Beliefnet
How Great Thou Part

 

I exit the grocery store and make my way to my car. I open the door and throw my bags on the floor. I slide into the seat. I sit for a moment while I wait for my youngest son, Danny to make his way back to the car.

A woman walks on the sidewalk in front of me.

It is a slow walk. She has no movement of her entire left side. Still she trudges forward while she holds a cane and pushes a shopping cart.

She finally makes her way to her intended destination. She slides the shopping cart to the side and opens the door of the nail salon. Once open, she props the door with her right foot as she struggles to back the cart up and then push it forward through the door.

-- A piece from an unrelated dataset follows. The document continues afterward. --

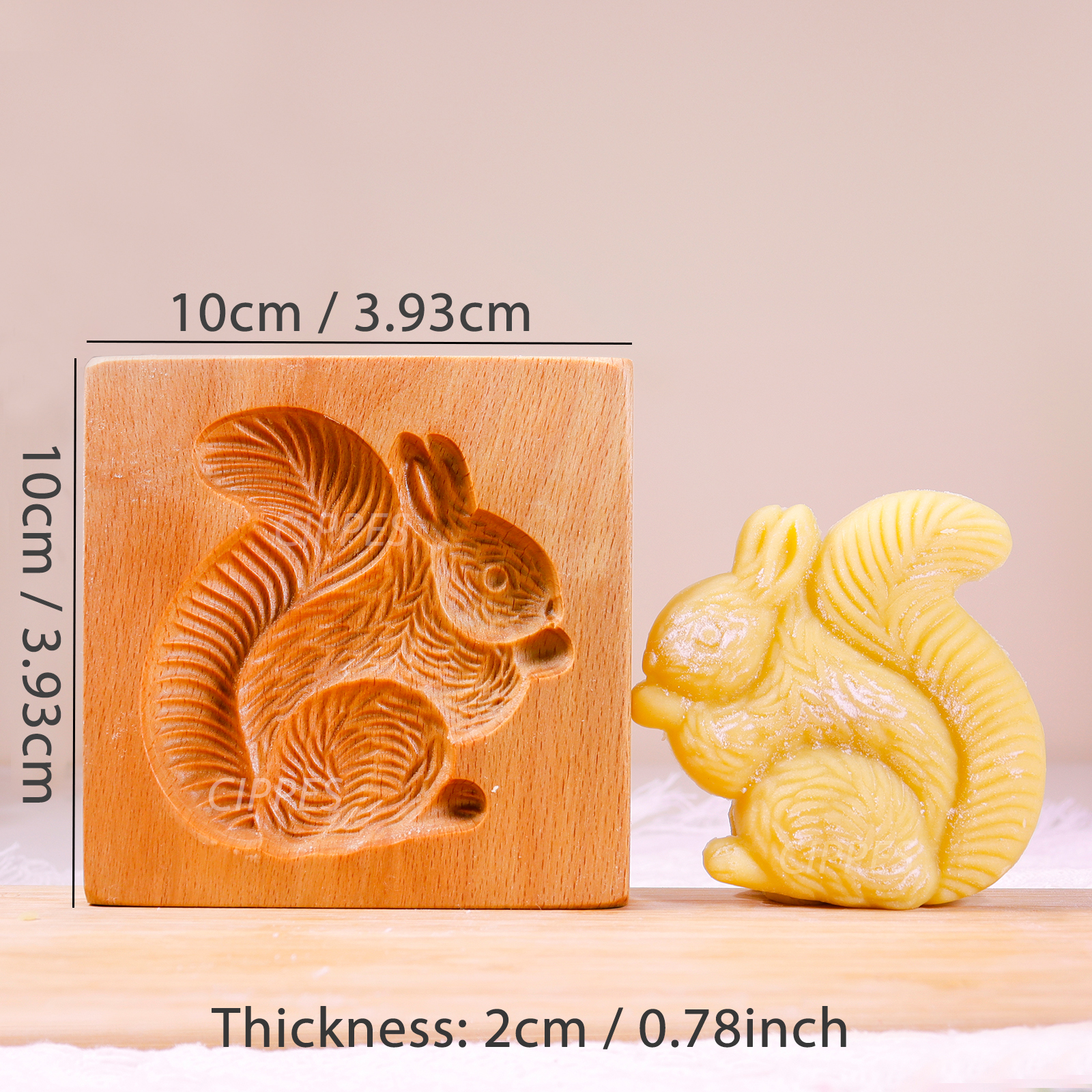 1 molde de madera para galletas de Navidad, patrones de animales, moldes para cortar galletas en relieve tallados en 3D, pájaro, oso, tigre, caballo, ardilla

I take in her effort. I think how each morning just getting up and getting dressed and making breakfast must be enough to wear her out. Still, she soldiers on.

In the moment, I am embarrassed that I have found myself in this emotional struggle that I don’t seem to be able to soldier through at times. Divorce has a beginning and an end. For this woman there is no beginning or end to her life long battle to do daily tasks that the rest of us do effortlessly.

The swing of a door, the push of a cart, the grab of a bag, or the stride in our walk.

I feel humble in this moment.

That I have to soldier through this emotional pain with grace.

The same kind of grace that makes a woman get out of bed every morning knowing that each task is anything but easy in her day.